**In all of this answer, I am considering the problem of recovering the password (or an equivalent password) from a purloined hash, as stored in a server on which the attacker could gain read access.**

The NTLM hash is weak, but not as weak as the older LM hash.

The older LM hash includes several capital weaknesses:

 - Not case-sensitive.
 - Limited to 14 characters.
 - Splits the password in two 7-character halves which are hashed separately.

This last weakness allows for very efficient cracking (regardless of the care taken in choosing the password); see [this answer][1] for a some details.

The less-old NTLM is just [MD4][2] computed over the password. This time, the password is case sensitive, and can be quite long. There is some dispute as to the [real maximum password length][3] which could apparently be up to 127 characters or so. Since MD4 is computed over UTF-16 encoding of the password, the whole range of [Unicode][4] could theoretically be used, but since the user needs to type the password regularly (and without visual feedback), using characters beyond the printable ASCII set is looking for trouble.

What is weak in NTLM hash is that it is unsalted, and that MD4 is _fast_ (MD4 is also cryptographically broken in several ways, but not for raw preimage resistance as is used for password hashing; for that, MD4 is as robust as it ever was). MD4 is actually faster than MD5. A recent GPU will compute several _billions_ of MD4 instances per second. This makes it easy for the attacker to explore vast sets of potential passwords (what is known as a [dictionary attack][5]). The only defense is to choose your passwords from an even vaster set.

**Let's throw some maths at it:** since NTLM is unsalted, a dedicated group of attacker might find it worthwhile to build a big [rainbow table][6]. There are various possible optimizations, but, as a rule, things would go like this:

 - There is a security parameter, called _t_; that's the average length of a chain in the rainbow table.
 - If the set of passwords covered by the table has size _N_, then the _storage requirements_ are about _10\*N/t_ bytes (10 bytes per sorted chain end is a reasonable estimate).
 - Building the table entails a cost of about _1.7\*N_ hash function invocations.
 - Attacking _one_ password with the table entails computing about _t<sup>2</sup>_ times the hash function, and making _t_ lookups in the table.

If the table is split over a hundred mechanical hard disks, then about 10000 lookups can be done per second.
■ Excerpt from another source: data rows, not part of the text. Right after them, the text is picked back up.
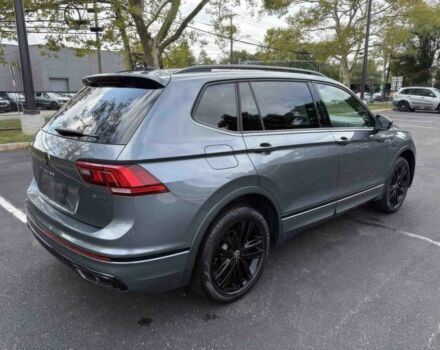 Черный Фольксваген Тигуан, объемом двигателя 2 л и пробегом 18 тыс. км за 15000 $, фото 6 на Automoto.ua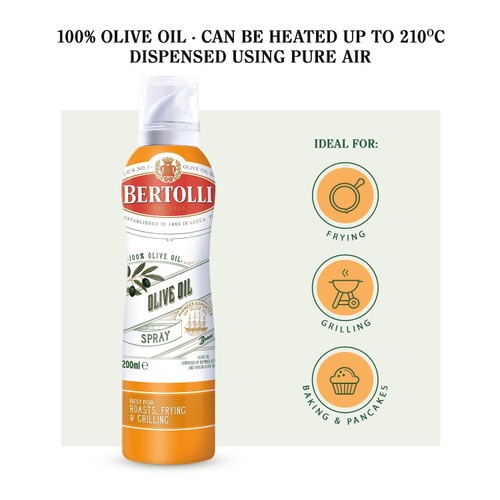 Bertolli Olive Oil Spray 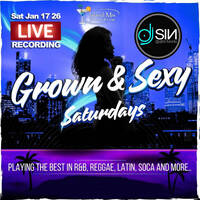 Live from IslandMIx (Jan.17.26) by djSinToronto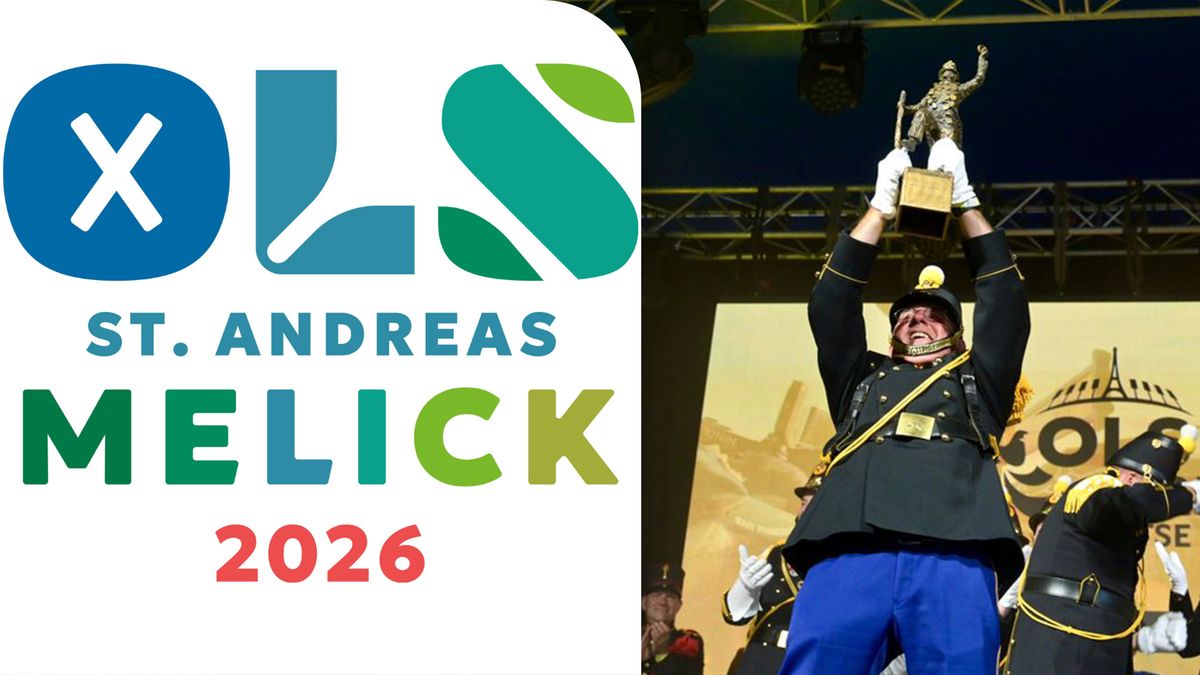 'Vanoet ós hert': trots, ontmoeting en verbinding centraal bij OLS 2026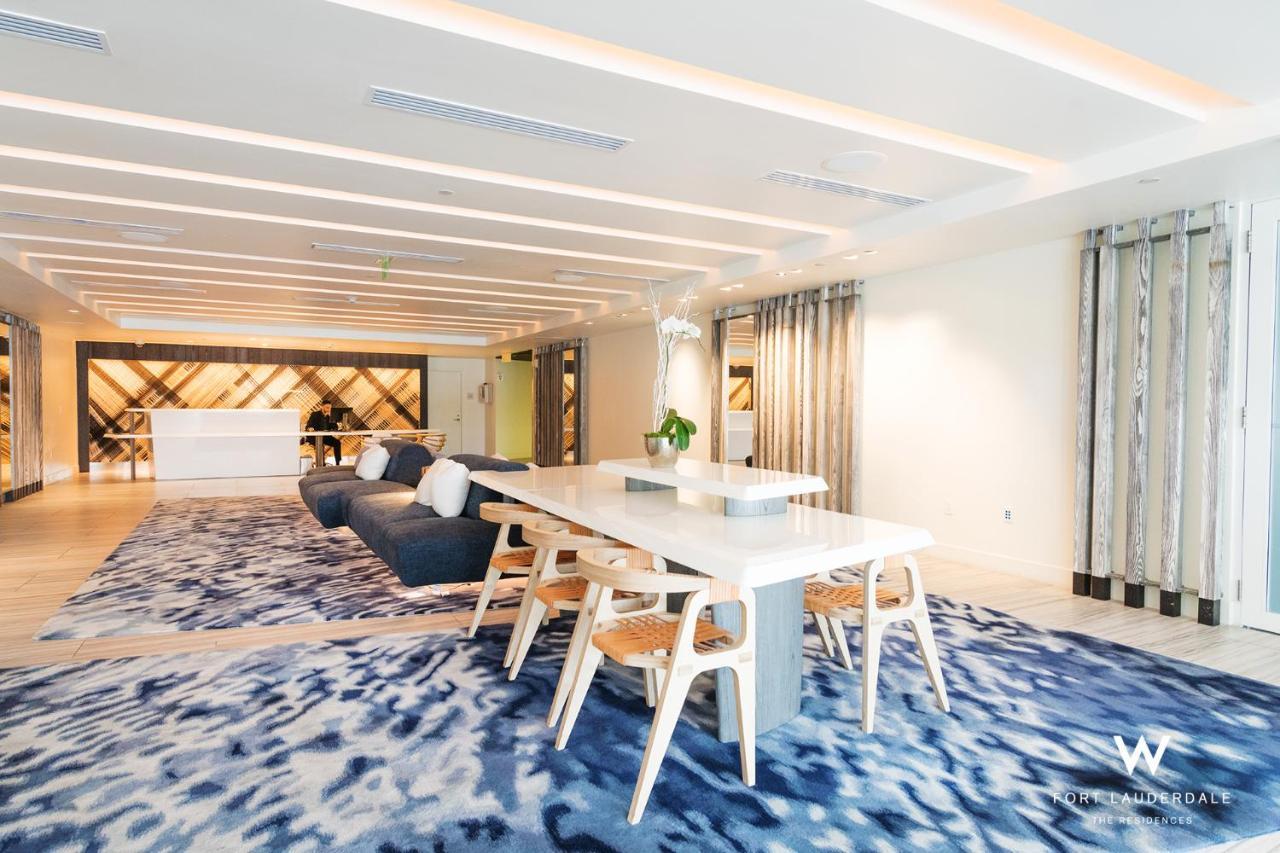 Aparthotel Luxury 1 Bedroom At Lauderdale *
If the attacker is really motivated, he might wish to spend one hour or so per password, which means a maximum _t_ of 3600000 for the lookups (let's say 2<sup>22</sup>); the corresponding CPU cost is down to about 2<sup>32</sup> hashes per second, which is feasible with a couple recent GPU. The hundred disks allow for 300 TB storage (I am talking about 3 TB disk, which are off-the-shelf today), which brings the possible _N_ to about 2<sup>67</sup>. That's rather huge, but technologically feasible. Our group of attackers could buy a hundred GPU (and a _big_ air conditioning unit) and be done with computing that table within a few months.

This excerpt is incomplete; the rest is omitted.